4 - last year got fruit from July to late October. 12-20 apples of each that fruited (only about 30% of grafts were mature). Enough for a nice taste and not overwhelming my fridge space.
That said I think a borer was the reason for a dead trunk last year and now my others are not looking great either. However nearly all my original Bud9’s died well before so it happens. I have backup grafts on other trees.
With regards to vigor. I have had no problems with biannual fruiting so far but I have not hit full fruiting yet.
That even happens in 6a where I’m at. The Great Lakes help buffer the warm air with the cold from the lakes. It cools the breezes a lot! So spring is usually slow to start here. When it finally does everything blooms!
I would add managing the grafts is not hard even with an aggressive grower, just prune that one an extra time, keeps it in line with other grafts. So I never had a problem with an aggressive grower, I made sure it didn’t have a chance to overtake anything.
Also the way I like to do it is open bowl type tree structure. (I don’t grow apples) and each scaffold is a cultivar, from 3-5 scaffolds. Sometimes I would form a secondary scaffold on one of the scaffolds, so it would have two cultivars. Anyways keeping them in single order scaffolds makes it easier to prune one scaffold harder then the others to control aggressive growth. The short version: aggressive growth has never been a problem at all for me.

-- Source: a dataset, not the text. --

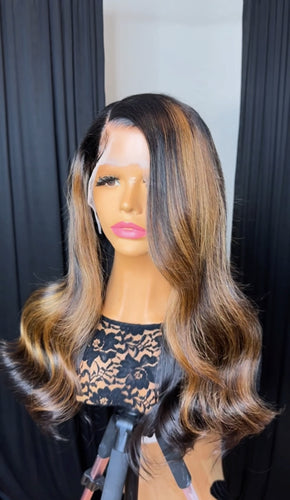 “Dream” (lace frontal wig)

I like the open bowl because I can keep tree very low. My trees stay under 7 feet no matter what rootstock. I have been doing it a decade now and love backyard orchard culture techniques. Definitely works.

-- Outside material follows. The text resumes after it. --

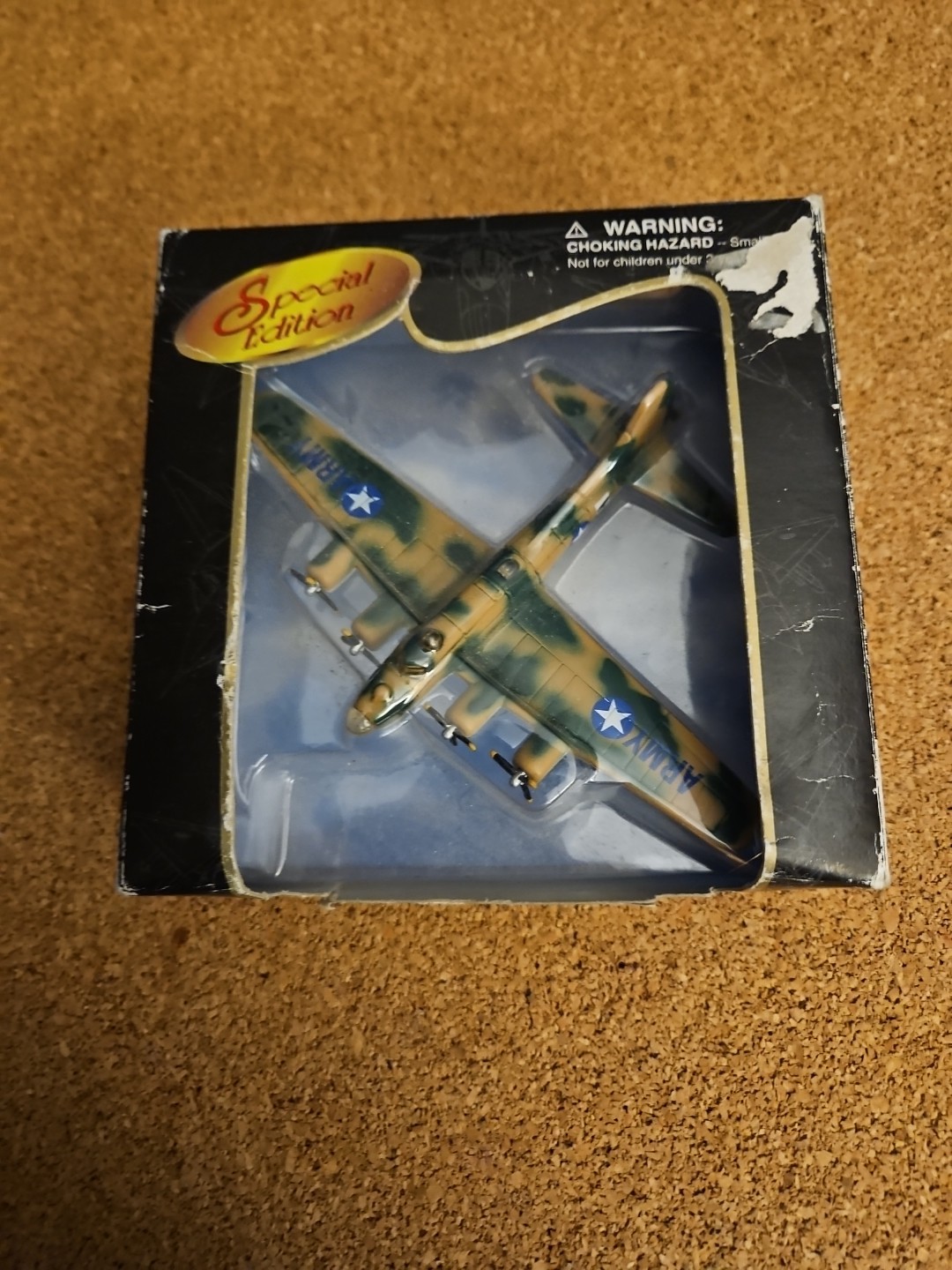 Air Force Special Edition B-17G Flying Fortress USAF Collectible Die Cast Maisto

And yes I get fruit the whole season, that is so cool.
That’s impressive. If get to have even half that on one tree, I’ll probably be happy to keep a single tree with maybe a second to backup favorites and more rare selections.
My multigraft semidwarf apple has about two dozen varieties currently, and I’ve come to think that I’d rather I had two or three slightly smaller trees six or eight varieties on each. I’ve got stuff stuck here, there, everywhere, and I’d be better off if things were simpler. On some varieties I only get two or three apples.
But I don’t really have space foe any more trees, and I don’t want to give up any of the varieties I have! You might be happy with lots of things on one tree, but if I were in your position I’d probably have more trees.
I have a Dolgo crab in my front yard that is greatly under appreciated but I hate to waste those massive, established roots! I have been top grafting a branch or two with different scions for the past 4 years. I lost track of the verities that are there, but have started getting an apple or two off some of the branches. My idea is that will be my “snack tree”! Since I pass by it several times a day, I can snatch whatever apple looks ready and snack on it. Any branches that I especially like can be the source of scions for further propagation.
Yep, this is what I did. I have best success by cutting limbs withing a couple inches of the main trunk (NOT at the branch collar) to stimulate sucker formation. Then I graft the suckers the next year. Gives VERY vigorous growth and has excellent strength as is close to the trunk instead of way out at the periphery.